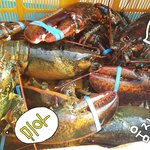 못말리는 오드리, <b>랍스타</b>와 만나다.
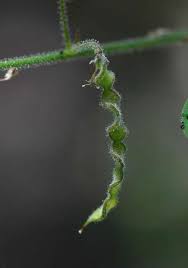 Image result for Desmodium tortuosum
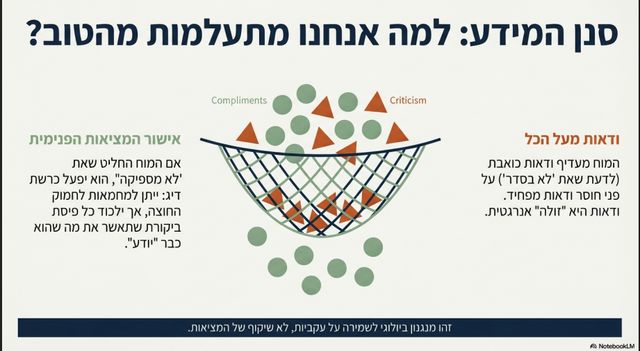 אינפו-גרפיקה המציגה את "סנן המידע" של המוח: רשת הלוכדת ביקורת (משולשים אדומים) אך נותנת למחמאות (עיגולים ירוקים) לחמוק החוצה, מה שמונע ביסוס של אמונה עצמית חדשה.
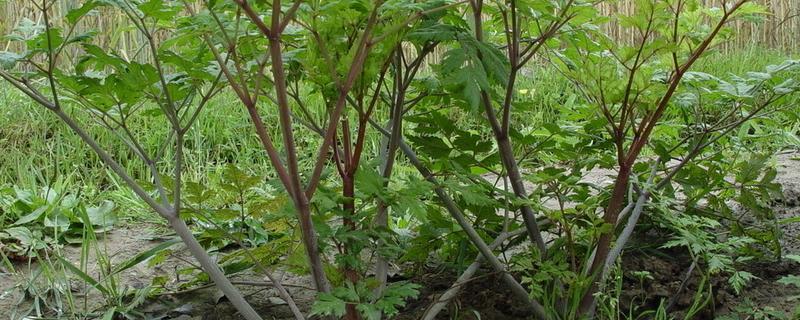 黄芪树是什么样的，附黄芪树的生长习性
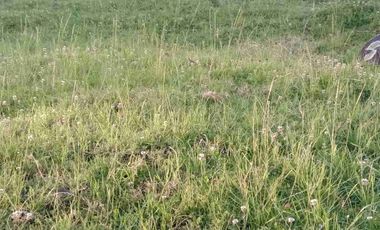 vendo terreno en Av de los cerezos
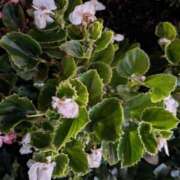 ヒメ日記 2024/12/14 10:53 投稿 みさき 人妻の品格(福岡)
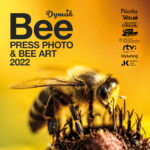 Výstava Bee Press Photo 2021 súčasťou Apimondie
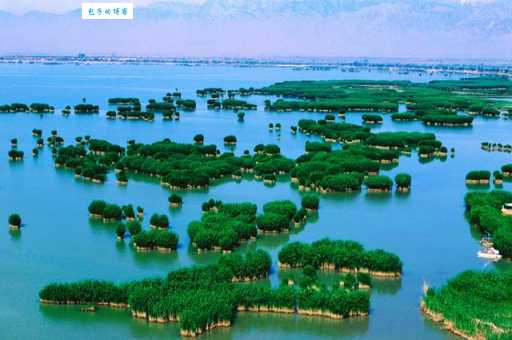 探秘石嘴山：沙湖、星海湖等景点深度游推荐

-------------------------

- [Work to complete] Drop the pictures and set down the data above exactly.

- [Result of this task]
 못말리는 오드리, <b>랍스타</b>와 만나다.
 Image result for Desmodium tortuosum
 אינפו-גרפיקה המציגה את "סנן המידע" של המוח: רשת הלוכדת ביקורת (משולשים אדומים) אך נותנת למחמאות (עיגולים ירוקים) לחמוק החוצה, מה שמונע ביסוס של אמונה עצמית חדשה.
 黄芪树是什么样的，附黄芪树的生长习性
 vendo terreno en Av de los cerezos
 ヒメ日記 2024/12/14 10:53 投稿 みさき 人妻の品格(福岡)
 Výstava Bee Press Photo 2021 súčasťou Apimondie
 探秘石嘴山：沙湖、星海湖等景点深度游推荐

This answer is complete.